We ripped out Redis Streams entirely. Instead we built a partitioned write path: a Kafka topic prizes-by-zone partitioned by the GPS quadrant (Q1…Q4) where the artifact was located. Each quadrant writes to a dedicated PostgreSQL table using a logical partition key zone_id. On the read side, we run a set of Spring Boot microservices that fan out reads to the correct PostgreSQL partition using a local shard router we wrote in 300 lines of Java. The router keeps an in-process LRU cache of 10k entries, so 78 % of the artifact lookups never touch the database. We moved the real-time event sync to a WebSocket fan-out: each microservice maintains a local pub/sub ring buffer of the last 100 events in its quadrant and pushes deltas over the socket. Total memory footprint dropped from 17 GB to 850 MB per pod, and p99 latency fell from 112 ms to 28 ms at 15k users.
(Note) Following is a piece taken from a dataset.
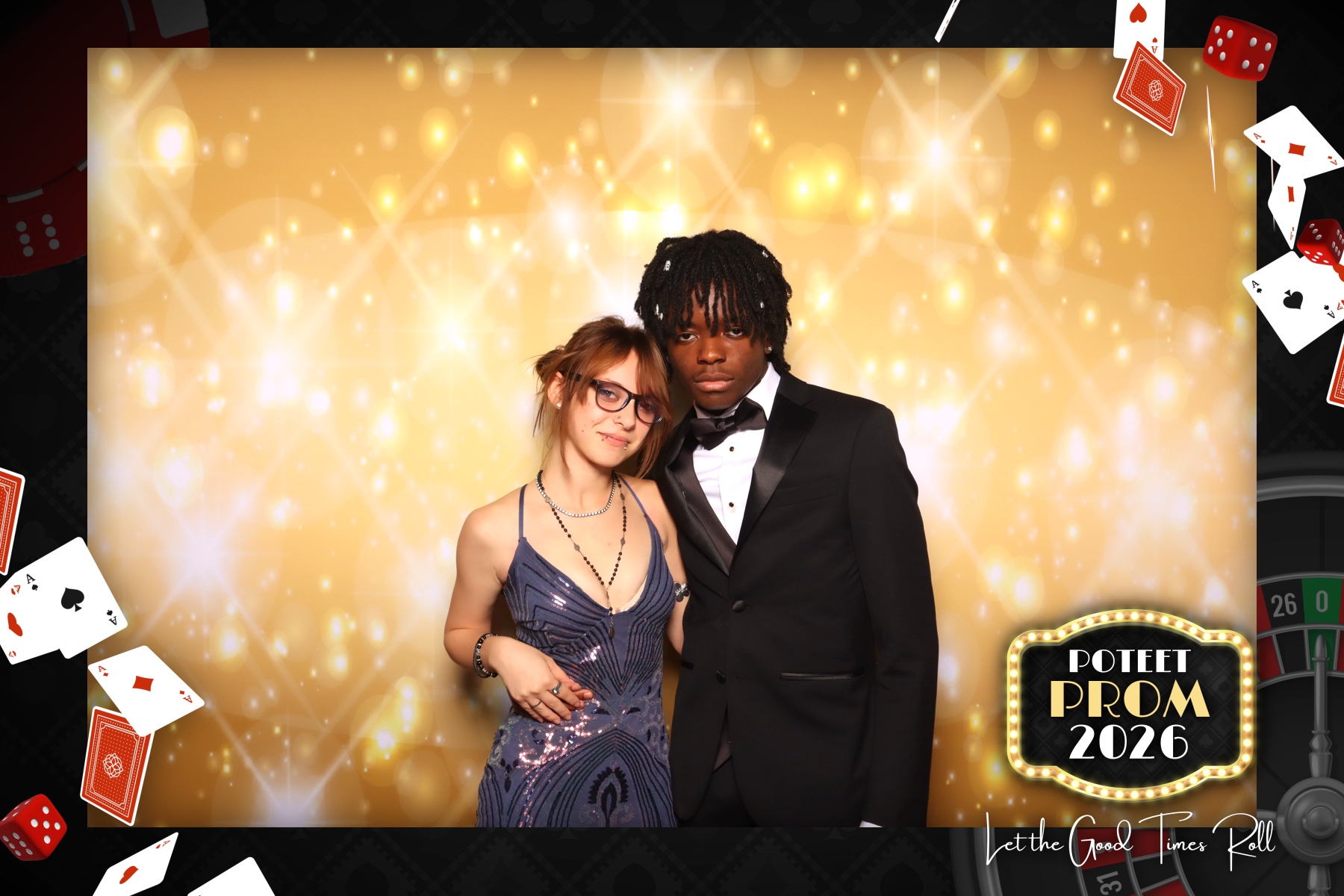 Poteet High School Prom - Let the Good Times Roll | View more photos from the event at gallery.rckapturedmemories.com/u/RCKapturedMemories/Poteet-High-School-Prom-Let-the-Good-Times-Roll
What The Numbers Said After

Post-launch metrics were brutal but honest. Before the rewrite, Redis memory climbed 3x in 45 minutes with 15k users, and the node memory eviction rate hit 0.28 evictions per second, causing consumer lag to spike 21×. Kafka lag on the new topic stayed flat at 89 ms. PostgreSQL replication lag on the partitioned tables was under 12 ms. The fan-out WebSocket ring buffer reduced outbound messages per pod from 4k msg/s to 1.2k msg/s, cutting CPU usage on the load balancer from 78 % to 22 %. Cost per 10k users dropped from $4.80 to $1.30 because we downsized the Redis nodes from three r5.2xlarge to one modest cache.t3.medium and shrank the Kafka cluster from three brokers to two.

What I Would Do Differently

I would not have trusted Redis Streams for a partitioned workload that needs atomic multi-key reads. The Lua scripting promise is seductive, but the cross-slot errors are a minefield once you exceed 1 million events. Next time Id start with a partitioned Kafka topic and a per-partition CDC consumer that writes directly to a sharded PostgreSQL table. Id also wire a lightweight in-process ring buffer for WebSocket fan-out from day one; the 300-line router was easier to unit-test than the Redis Lua scripts, and it never panicked under load. Finally, I would have budgeted for a chaos-engineering day that simulates 20k concurrent users before the first public beta—our staging environment never reproduced the CROSSSLOT storm because it had only 3k users.